The mess with Prime resulted in only one novel being released in six years despite his assertion of having fifteen done. Another book is set to be released by another publisher in the spring, a couple other titles are known, but have not found a home.
The Narrator was released in October 2010 by Civil Coping Mechanisms, which promoted it as his most mature and ambitious novel yet. The title character, named Low Loom Column begins the book at a university, training to become a narrator when he is drafted into military service despite having an exemption. When he tries to protest he is told time and again it is a futile effort, and he is forced to report to the nearest city for service. He continues seeking ways of getting out of conscription, even considering desertion, as he meets others from his unit, notably the conscripts Jil Punkinflake, and Silichieh, and Captain Makemin. He has some time in the city before they gather and move out, which he spends in his occupation. He records a séance, and provides his services for a wealthy and mysterious resident of the city, the cannibal queen who is said to have killed and eaten her husband after the death of her child, and who is socially imprisoned in her mansion. Here he illustrates just what a narrator does, he records the story that is told to him.
Forgive me a brief foray from the plot at this point, to set up what Cisco is so good at. Cisco can write sentences better than anybody. Long and lush descriptions, brilliant similes and metaphors, a tremendous mastery of language which always inspires me. While still in the city, he lays out the matter of the book in this paragraph.

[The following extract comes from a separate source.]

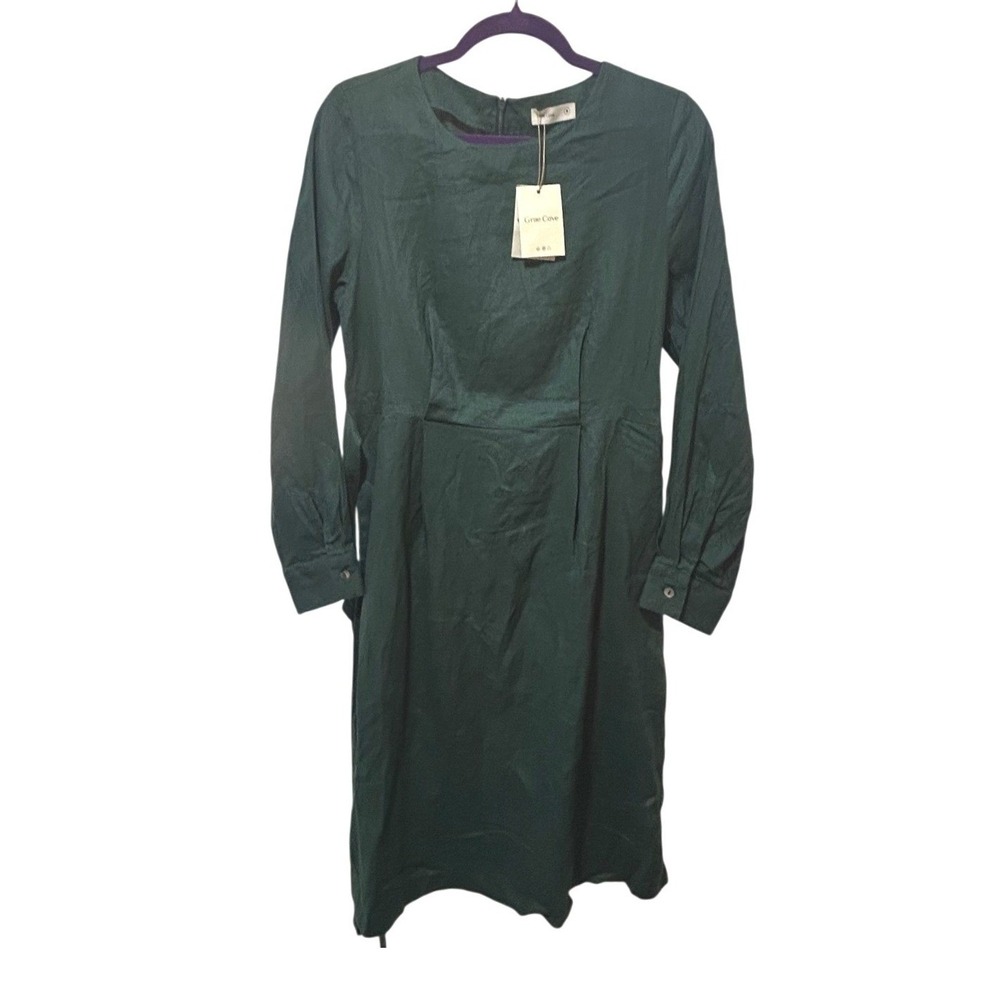 Grae Cove 100% Linen Midi Wrap Dress Boutique Medium Green Belted A-Line Earthy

“I find unaccountable difficulties always arise in searching out the narrative sections of any marketplace, but of course, how could I know that? Anyhow there always seems to be some distraction, or the sort of wrong turn that, having drawn you into the trammels of its mischief, dodges behind the innocent turns and loses itself among them like an absconding pickpocket. No shortage of the real ones either—at the wine store, Jil Punkinflake took my wallet slowly from my hand as I was about to restore it to my pocket and deftly slipped it into my shirt, where my vest holds it now against my skin. I ask him about the narrative market and he gives me a swift, canny look. With a nearly invisible toss of his head I realize he is one of those go-betweens who are involved with the narrative merchants, the storiers and letterers and calligraphers and abcedarians. We flit out into trough like stone lanes.”
Here Cisco lays out exactly what to expect in this book. This is a story about story, existing on many levels simultaneously, and it will steal your wallet if you aren’t careful. Low is an unreliable narrator, as unreliable as this narrative market. It is also here that he is seen by an Edek, and once the Edek sees you, there is no sneaking away from conscription. They assemble, and we find Makemin is a hard officer, intent on making a name for himself, and forget about his pending divorce, mostly by taking out his personal anger on his troops. Low tries to avoid him until on the march our of the city, Makemin notices he is a narrator. Low is given a horse, and ordered to ride alongside him to record the story of his unit.
They are attacked on the road, enemies described as “blackbirds” ambush them as they make their way out of the city. They take some casualties, but curiously, the blackbird dead hover above the ground. Their first stop is a mental institution. In the run up to the war, the caretakers locked the residents in, leaving them to die. Makemin releases and treats many, and then conscripts the able bodies into his unit. A woman, Saskia describes how the Blackbirds have metal body suits, cast specially so lightly they float, and can therefore attack from the sky, cover great distances in a jump, and be gone in seconds.
They make their way to the shore, where they commandeer a ship to make it an island which is a strategic stronghold for their side of the war. Their ship is attacked en route, and they suffer large casualties before reaching port. The port is designed to be very easily defended from the sea, and mountains protect the city from the inland side of the island, but the enemy is known to be on the opposite shore. The unit disembarks and makes friends with the natives, largely through Low's translation skills, and soon marches on the enemy, Makemin eager to make a name for himself. Early exploration reveals a larger than expected enemy presence, and Makemin is forced to make a decision, return to the city and defend it from there, leaving the rest of the island to fend for itself, possibly leaving it to become a stronghold, or wait for reinforcements in the form of Predicanten, (also known as predicates), soldiers locked in giant armored suits, essentially walking insane tanks. There is another option, however. The interior of the island is said to possess ancient magical weapons, enough to destroy any army, if the spirits of the island decide they like those seeking to use them. If not, well, no one makes it back alive. Only Low, the Narrator, has the ability to translate the languages needed to convince the spirits to fight on their side, and so he leads a final expedition into the interior to gain the spirit weapons before the opposing army realizes they are there and makes its own attempts. But to describe it like this is to leave out all of the details that make a Michael Cisco book so rich and engrossing.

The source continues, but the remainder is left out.